■ **WHAT TO WORK ON**
Every line below between the one holding "Kolkata Batı Bengal" and the one holding "LED Modern Crystal", inclusive, should be copied exactly, and no other line.

Excerpts from a dataset:
══════
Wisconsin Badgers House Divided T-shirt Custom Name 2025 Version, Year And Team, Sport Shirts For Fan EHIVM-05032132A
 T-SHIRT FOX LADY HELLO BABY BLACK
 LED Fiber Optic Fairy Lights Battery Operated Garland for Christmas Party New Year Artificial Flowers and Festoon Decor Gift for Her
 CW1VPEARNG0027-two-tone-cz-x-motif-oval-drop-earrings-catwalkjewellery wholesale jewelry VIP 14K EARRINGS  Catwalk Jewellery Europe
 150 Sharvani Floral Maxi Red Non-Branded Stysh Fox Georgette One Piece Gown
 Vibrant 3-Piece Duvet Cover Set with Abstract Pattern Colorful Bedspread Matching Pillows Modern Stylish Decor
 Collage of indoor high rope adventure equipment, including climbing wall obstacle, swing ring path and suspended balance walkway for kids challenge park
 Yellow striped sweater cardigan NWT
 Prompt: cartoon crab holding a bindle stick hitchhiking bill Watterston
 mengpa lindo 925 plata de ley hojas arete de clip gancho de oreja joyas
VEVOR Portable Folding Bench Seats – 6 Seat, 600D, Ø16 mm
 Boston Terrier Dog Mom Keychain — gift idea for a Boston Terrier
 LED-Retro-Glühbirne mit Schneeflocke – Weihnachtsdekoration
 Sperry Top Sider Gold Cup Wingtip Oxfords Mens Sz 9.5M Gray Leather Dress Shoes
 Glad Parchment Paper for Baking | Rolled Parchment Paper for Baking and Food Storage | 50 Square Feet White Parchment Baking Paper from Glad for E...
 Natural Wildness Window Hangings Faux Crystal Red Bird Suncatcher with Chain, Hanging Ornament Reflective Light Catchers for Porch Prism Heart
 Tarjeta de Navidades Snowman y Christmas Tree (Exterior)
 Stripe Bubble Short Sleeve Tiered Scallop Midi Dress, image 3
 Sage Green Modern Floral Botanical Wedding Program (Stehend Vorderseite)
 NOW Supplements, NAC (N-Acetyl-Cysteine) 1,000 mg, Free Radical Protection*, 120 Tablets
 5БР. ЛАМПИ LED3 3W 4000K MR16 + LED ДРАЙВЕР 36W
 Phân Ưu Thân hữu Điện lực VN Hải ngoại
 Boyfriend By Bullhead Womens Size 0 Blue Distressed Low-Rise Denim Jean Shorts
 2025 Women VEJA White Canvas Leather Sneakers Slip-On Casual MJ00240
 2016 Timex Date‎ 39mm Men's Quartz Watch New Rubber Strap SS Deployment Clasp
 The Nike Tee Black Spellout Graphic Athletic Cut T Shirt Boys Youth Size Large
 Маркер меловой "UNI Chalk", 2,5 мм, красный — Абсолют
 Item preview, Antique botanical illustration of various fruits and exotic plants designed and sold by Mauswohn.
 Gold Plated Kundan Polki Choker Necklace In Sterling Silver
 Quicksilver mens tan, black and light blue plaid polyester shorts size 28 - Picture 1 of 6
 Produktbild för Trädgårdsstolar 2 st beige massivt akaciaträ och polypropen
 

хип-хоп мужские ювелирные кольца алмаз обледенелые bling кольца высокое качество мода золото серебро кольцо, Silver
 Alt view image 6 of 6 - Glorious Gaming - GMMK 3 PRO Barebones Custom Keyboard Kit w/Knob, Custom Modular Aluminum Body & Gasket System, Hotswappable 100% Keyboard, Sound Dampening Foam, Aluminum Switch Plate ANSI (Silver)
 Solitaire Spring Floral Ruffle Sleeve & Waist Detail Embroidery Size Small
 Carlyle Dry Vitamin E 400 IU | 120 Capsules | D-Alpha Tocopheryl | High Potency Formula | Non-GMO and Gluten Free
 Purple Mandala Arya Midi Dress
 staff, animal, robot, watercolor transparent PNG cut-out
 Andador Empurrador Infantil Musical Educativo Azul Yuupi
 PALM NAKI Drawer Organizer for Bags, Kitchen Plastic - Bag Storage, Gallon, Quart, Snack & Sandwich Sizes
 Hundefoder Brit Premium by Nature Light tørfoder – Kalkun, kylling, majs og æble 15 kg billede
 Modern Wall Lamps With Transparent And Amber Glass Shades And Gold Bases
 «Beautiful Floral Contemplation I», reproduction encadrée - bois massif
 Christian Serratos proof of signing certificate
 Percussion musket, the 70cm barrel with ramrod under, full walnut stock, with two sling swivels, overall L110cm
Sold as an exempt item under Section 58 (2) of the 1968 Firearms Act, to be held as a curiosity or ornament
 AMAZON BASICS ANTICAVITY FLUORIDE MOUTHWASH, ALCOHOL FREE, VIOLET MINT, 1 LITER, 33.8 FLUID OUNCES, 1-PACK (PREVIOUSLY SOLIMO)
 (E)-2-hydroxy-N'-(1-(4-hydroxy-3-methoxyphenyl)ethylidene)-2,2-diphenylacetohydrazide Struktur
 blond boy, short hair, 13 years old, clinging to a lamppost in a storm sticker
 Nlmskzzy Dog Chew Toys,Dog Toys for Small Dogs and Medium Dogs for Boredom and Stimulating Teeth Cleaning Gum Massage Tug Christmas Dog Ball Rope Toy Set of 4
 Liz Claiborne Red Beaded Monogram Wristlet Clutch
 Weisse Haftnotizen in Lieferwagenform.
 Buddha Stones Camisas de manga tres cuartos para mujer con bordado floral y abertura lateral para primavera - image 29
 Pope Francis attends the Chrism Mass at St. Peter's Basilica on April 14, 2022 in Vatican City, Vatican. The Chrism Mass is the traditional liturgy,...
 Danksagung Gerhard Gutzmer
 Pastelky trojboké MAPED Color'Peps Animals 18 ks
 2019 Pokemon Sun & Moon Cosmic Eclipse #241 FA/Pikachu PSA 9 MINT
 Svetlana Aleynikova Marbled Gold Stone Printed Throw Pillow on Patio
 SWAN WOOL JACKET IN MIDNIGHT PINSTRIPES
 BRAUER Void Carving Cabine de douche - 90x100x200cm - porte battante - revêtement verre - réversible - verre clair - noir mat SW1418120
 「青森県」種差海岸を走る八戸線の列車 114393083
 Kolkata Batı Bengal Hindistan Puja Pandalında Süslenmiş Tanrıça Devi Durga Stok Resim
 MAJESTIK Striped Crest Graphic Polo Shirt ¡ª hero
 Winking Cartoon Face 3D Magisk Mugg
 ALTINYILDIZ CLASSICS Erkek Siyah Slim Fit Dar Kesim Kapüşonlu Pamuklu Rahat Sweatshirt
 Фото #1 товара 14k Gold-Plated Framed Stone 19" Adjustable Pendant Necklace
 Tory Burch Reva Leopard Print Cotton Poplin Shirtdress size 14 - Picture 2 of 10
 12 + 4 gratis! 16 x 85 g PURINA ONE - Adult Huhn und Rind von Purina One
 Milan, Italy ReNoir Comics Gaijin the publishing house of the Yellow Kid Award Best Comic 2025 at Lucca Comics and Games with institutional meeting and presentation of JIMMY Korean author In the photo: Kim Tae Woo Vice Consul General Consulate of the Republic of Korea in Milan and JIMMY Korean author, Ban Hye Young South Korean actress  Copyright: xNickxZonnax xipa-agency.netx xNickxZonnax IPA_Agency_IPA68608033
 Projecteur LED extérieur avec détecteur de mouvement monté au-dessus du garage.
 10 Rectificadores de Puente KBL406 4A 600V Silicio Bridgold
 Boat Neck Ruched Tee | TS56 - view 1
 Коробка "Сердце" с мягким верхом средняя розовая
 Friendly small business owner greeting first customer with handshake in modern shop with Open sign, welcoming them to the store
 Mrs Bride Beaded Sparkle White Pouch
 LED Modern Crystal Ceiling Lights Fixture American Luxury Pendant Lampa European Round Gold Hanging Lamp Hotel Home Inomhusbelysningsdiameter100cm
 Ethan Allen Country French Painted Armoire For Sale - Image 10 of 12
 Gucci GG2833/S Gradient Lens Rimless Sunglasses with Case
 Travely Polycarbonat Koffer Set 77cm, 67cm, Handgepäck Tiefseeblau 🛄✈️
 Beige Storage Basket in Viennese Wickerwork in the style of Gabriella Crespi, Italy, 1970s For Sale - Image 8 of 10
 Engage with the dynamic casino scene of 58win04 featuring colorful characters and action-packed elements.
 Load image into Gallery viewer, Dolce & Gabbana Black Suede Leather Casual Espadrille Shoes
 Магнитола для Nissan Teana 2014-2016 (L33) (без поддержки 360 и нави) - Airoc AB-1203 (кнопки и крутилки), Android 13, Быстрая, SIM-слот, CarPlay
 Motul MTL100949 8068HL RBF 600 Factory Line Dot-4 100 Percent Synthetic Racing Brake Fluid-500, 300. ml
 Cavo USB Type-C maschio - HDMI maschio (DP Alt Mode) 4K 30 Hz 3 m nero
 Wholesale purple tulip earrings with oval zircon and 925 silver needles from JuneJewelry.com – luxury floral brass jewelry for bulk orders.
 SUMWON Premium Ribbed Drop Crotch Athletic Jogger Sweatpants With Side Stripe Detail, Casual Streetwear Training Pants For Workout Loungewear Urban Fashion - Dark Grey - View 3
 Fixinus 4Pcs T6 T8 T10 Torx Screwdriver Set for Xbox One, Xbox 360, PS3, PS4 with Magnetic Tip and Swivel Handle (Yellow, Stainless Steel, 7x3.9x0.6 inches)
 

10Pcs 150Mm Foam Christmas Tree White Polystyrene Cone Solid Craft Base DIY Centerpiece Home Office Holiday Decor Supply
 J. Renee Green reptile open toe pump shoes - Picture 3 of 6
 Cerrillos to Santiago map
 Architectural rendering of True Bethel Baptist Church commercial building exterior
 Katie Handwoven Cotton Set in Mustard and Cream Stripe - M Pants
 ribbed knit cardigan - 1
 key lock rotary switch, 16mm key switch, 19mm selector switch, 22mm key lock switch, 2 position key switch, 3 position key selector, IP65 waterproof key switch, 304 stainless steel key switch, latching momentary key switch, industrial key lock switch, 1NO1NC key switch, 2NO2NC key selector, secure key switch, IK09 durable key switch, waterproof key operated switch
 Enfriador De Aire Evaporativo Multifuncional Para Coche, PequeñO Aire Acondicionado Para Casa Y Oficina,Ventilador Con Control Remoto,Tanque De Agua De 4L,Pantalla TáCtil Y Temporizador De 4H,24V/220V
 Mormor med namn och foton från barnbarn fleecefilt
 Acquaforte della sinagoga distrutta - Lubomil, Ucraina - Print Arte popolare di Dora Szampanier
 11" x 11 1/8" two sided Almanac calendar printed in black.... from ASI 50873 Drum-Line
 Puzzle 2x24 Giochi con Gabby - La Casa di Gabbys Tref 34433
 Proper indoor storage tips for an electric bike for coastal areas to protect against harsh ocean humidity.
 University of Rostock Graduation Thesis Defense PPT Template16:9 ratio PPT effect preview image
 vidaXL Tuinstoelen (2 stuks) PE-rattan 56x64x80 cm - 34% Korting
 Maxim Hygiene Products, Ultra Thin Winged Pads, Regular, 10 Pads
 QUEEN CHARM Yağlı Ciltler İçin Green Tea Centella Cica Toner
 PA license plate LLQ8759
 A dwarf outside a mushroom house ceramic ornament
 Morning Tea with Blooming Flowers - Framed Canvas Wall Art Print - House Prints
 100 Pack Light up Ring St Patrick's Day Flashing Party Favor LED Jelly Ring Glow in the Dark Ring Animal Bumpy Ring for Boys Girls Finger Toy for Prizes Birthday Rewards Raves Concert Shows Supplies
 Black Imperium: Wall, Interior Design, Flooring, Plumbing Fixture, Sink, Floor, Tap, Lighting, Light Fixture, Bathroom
══════
■ **RESPONSE AREA**
 Kolkata Batı Bengal Hindistan Puja Pandalında Süslenmiş Tanrıça Devi Durga Stok Resim
 MAJESTIK Striped Crest Graphic Polo Shirt ¡ª hero
 Winking Cartoon Face 3D Magisk Mugg
 ALTINYILDIZ CLASSICS Erkek Siyah Slim Fit Dar Kesim Kapüşonlu Pamuklu Rahat Sweatshirt
 Фото #1 товара 14k Gold-Plated Framed Stone 19" Adjustable Pendant Necklace
 Tory Burch Reva Leopard Print Cotton Poplin Shirtdress size 14 - Picture 2 of 10
 12 + 4 gratis! 16 x 85 g PURINA ONE - Adult Huhn und Rind von Purina One
 Milan, Italy ReNoir Comics Gaijin the publishing house of the Yellow Kid Award Best Comic 2025 at Lucca Comics and Games with institutional meeting and presentation of JIMMY Korean author In the photo: Kim Tae Woo Vice Consul General Consulate of the Republic of Korea in Milan and JIMMY Korean author, Ban Hye Young South Korean actress  Copyright: xNickxZonnax xipa-agency.netx xNickxZonnax IPA_Agency_IPA68608033
 Projecteur LED extérieur avec détecteur de mouvement monté au-dessus du garage.
 10 Rectificadores de Puente KBL406 4A 600V Silicio Bridgold
 Boat Neck Ruched Tee | TS56 - view 1
 Коробка "Сердце" с мягким верхом средняя розовая
 Friendly small business owner greeting first customer with handshake in modern shop with Open sign, welcoming them to the store
 Mrs Bride Beaded Sparkle White Pouch
 LED Modern Crystal Ceiling Lights Fixture American Luxury Pendant Lampa European Round Gold Hanging Lamp Hotel Home Inomhusbelysningsdiameter100cm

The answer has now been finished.